Aktualności

Informacja

Strona znajduje się w archiwum.

Zatrzymany podczas wynoszenia łupów

Data publikacji 12.08.2013

kopia_cc

 

    Zarzut dokonania dwóch kradzieży z włamaniem usłyszał mieszkaniec powiatu głogowskiego zatrzymany w miniony czwartek przez jarocińskich mundurowych. Funkcjonariusze nakryli rabusia gdy wracał do swojego samochodu z chwile wcześniej skradzionymi łupami. Mężczyzna może spędzić za kratkami nawet 10 lat. 

 

    Do zatrzymania doszło w Jarocinie w czwartek, 8 sierpnia o godz. 3.50. Policjanci jarocińskiej patrolówki zauważyli stojącego na bocznej, nieoświetlonej drodze opla vectrę. Chwilę później, z ciemności wyłonił się mężczyzna, jak się okazało, właściciel pojazdu. Dziwne tłumaczenie mężczyzny co robi w tym miejscu wzbudziło podejrzenia mundurowych, którzy postanowili sprawdzić pobliski teren. Był to strzał w dziesiątkę. Kilkanaście metrów dalej, w trawie funkcjonariusze znaleźli kilka części samochodowych. Jak się później okazało, pochodzących z włamania do oddalonego o kilkaset metrów budynku gospodarczego. Mężczyzna został zatrzymany i przewieziony do jarocińskiej komendy.

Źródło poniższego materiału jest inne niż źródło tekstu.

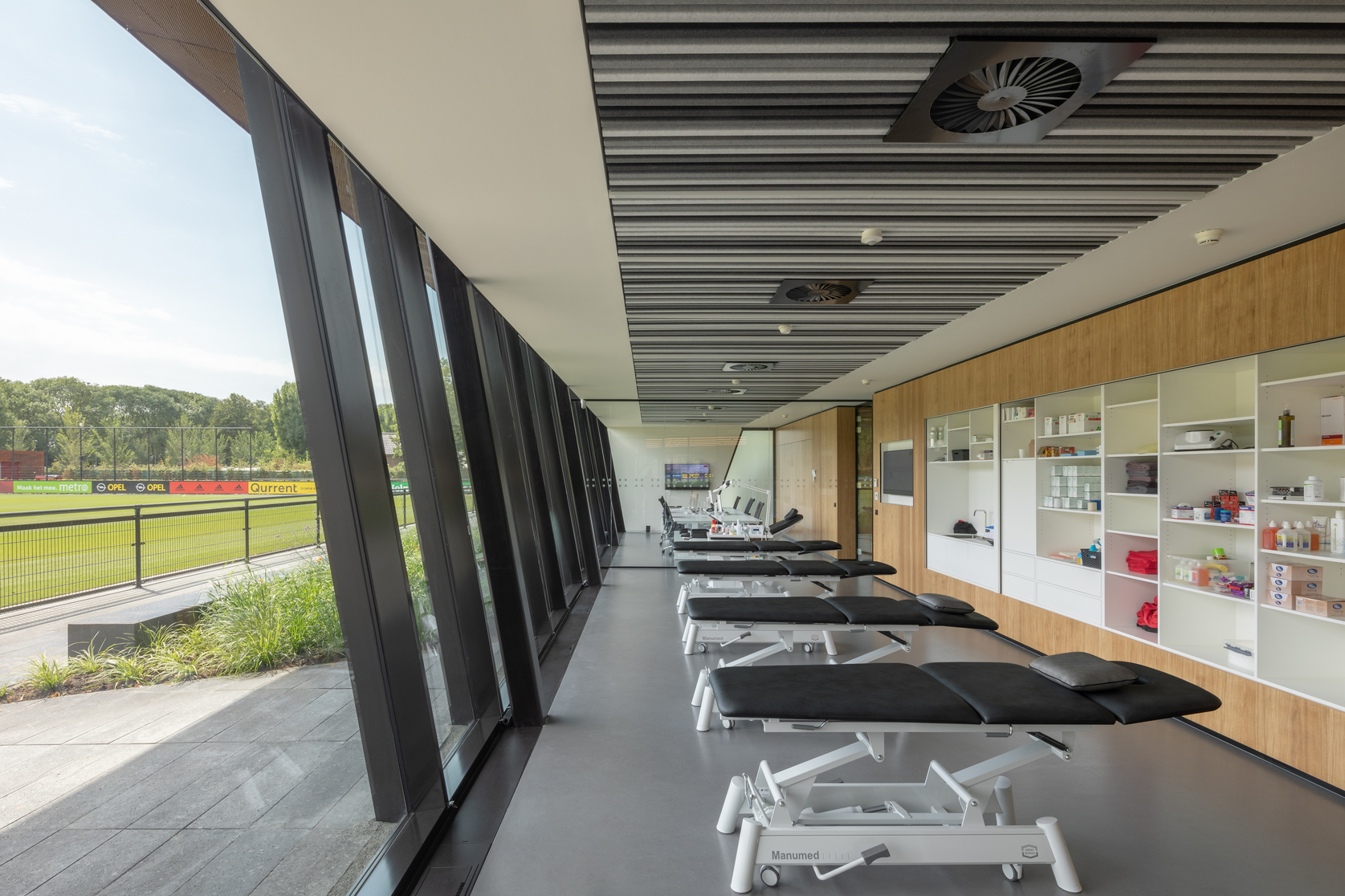 Trainingscomplex ‘1908’ Feyenoord Rotterdam door MoederscheimMoonen Architects, beeld Bart van Hoek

    Śledczy mieli utrudnione zadanie. Posiadali części samochodowe, zatrzymany był prawdopodobny sprawca kradzieży, brakowało tylko poszkodowanego. Po przeanalizowaniu zebranego w tej sprawie materiału policjanci ustalili miejsce z którego pochodziły znalezione fanty i ich właściciela. Jak się okazało, 24 letni mieszkaniec powiatu głogowskiego zanim dokonał kradzieży, włamał się do garażu. Zabrane stamtąd przedmioty, których wartość oszacowano na 4.500 zł., chciał zanieść do zaparkowanego w ciemnościach samochodu. Jednak gdy w pobliżu pojazdu zauważył radiowóz, wyrzucił części w trawę. Podczas prowadzonych przeszukań, w pobliżu miejsca włamania funkcjonariusze ujawnili i zabezpieczyli kolejne części, których sprawca nie zdążył jeszcze wynieść. Wielogodzinna praca kryminalnych zaowocowała kolejnymi ustaleniami. Zatrzymany już wcześniej był na gościnnych występach w Jarocinie. W marcu br. kiedy to włamał się do tego samego budynku. Wówczas zabrał z niego części od samochodów takich marek jak Audi, Ford, VW, Peugeot o łącznej wartości 10.700 zł. Skradzione przedmioty mężczyzna sprzedawał na giełdzie.

    24 latek ostatecznie usłyszał zarzuty dokonania dwóch kradzieży z włamaniem. Przyznał się do popełnienia przestępstwa, za które może trafić do więzienia nawet na 10 lat. Mężczyzna był już wcześniej notowany w policyjnych kartotekach. Odzyskane przez mundurowych części wróciły do prawowitego właściciela.